Wednesday, November 28, 2007

Time in slow motion

Our Honda Odyssey has a rather annoying feature. If one makes the mistake of trying to open the sliding side doors while locked, rather than what might be most useful and expected (simply not opening, which for any reasonable human being would be enough to indicate the possible need to unlock) they rather first attempt to open, then beep three times, then force a delay of another couple seconds while the system resets. Whatever the reasoning behind this, the nuisance factor far outweighs any imaginable benefit.

And so it is with the waiting in our lives. The decision is made, the effort has been initiated, and now we listen to the beeping of time, and realize there will yet be another inevitable delay following. Because my heart has departed from Lemon, I find myself dreading even more than usual the grading, which I ploddingly get through. Am I just whining?

I complain about my 72 students (ostensibly tended during a laughably fictitious 16-hour workweek). And I hear of friends with far more students. Of course, they are full-time, tenure-track, reasonably compensated, with benefits, and an office, and... But, I believe they are overloaded as well. Both friends I think of teach at state schools, and have 100 or more students in 3, 4, 5 classes per term. I wonder if "learning centered" isn't simply a euphemism for "we really don't care about the students or faculty, so long as we can cram a whole load of them into the same classroom." But I digress.

I have been reading more on the website about Miwla College. Small class sizes, full commitment to interdisciplinarity, and international education (40% of the graduates have spent a term or a year overseas, and their goal is to exceed 50%). It sounds like a great place for me. I don't think I'm whining so much, as I come to hold a clearer understanding of my expectations and my tolerances. I love to teach, but not if it means teaching more than 60 students per term. I've simply set a cap. I love my research also, and... my family.
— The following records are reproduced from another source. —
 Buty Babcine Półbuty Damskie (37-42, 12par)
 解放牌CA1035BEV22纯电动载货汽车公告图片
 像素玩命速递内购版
Rocket has been looking over possible photographer websites, thinking she might like to get a nice pregnancy portrait done. One site, whose images we like, presents a comment on finding a photographer that self-congratulatorily indicates that "She has spent the necessary 16 hour days, 7 days a week learning and refining her craft." Ha!

Necessary! I wonder at this absurdity that somehow true love of a profession requires sacrifice of self. Why should teachers be praised for spending 60 or 80 hours a week on task? It's an odd praise. As someone who has worked 16 hour days at one point in my life. It doesn't make you better at your task. It wears you out. It reduces your productivity and concentration, and often compromises the quality of your results. There is no necessity in suffering. And, while many of us do get through, there's no reason to suspect that we wouldn't have accomplished as much if we spent less, but perhaps more concentrated, time on the effort.
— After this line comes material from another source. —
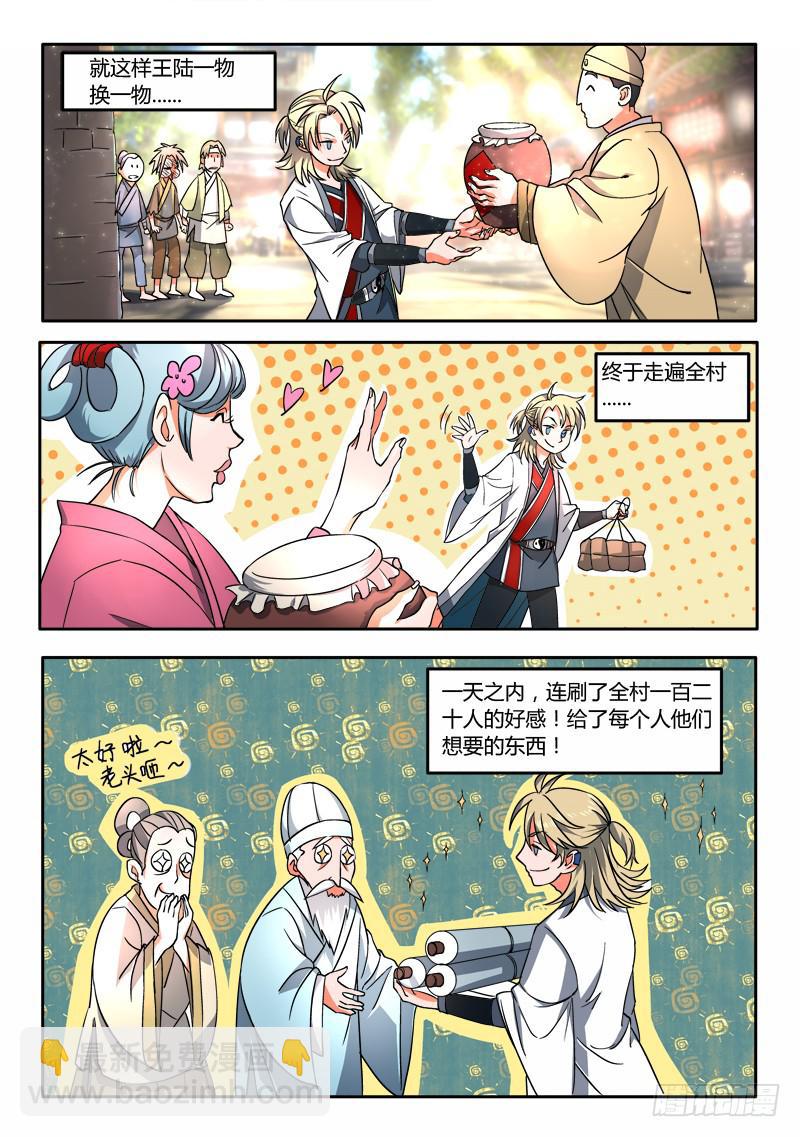 🍶从前有座灵剑山 第十二章 第10页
I think I'll begin an occasional series of posts on unexamined assumptions.

2 comments:

Lilian said...

I'll be looking forward to those posts. We also have an Odissey albeit an older model one with "regular" car doors.

Tracy said...

We have a 2002 Odyssey and I HATE the beeping! Our mantra is always, "You've gotta be smarter than the Honda..." (I covet a new Odyssey in that kind of ice blue/gray color, but I really want it to be a hybrid. Ours is red, and annoying beeps aside, we love it.)

I can't even imagine teaching less than 60 students per semester. I'm lucky to have less than 60 in one section! (All of my intro courses are "capped" at 60 students -- imagine if I filled all the seats! Last semester I came close with 55 in one and 60 in the other, plus an upper-division course at 32.)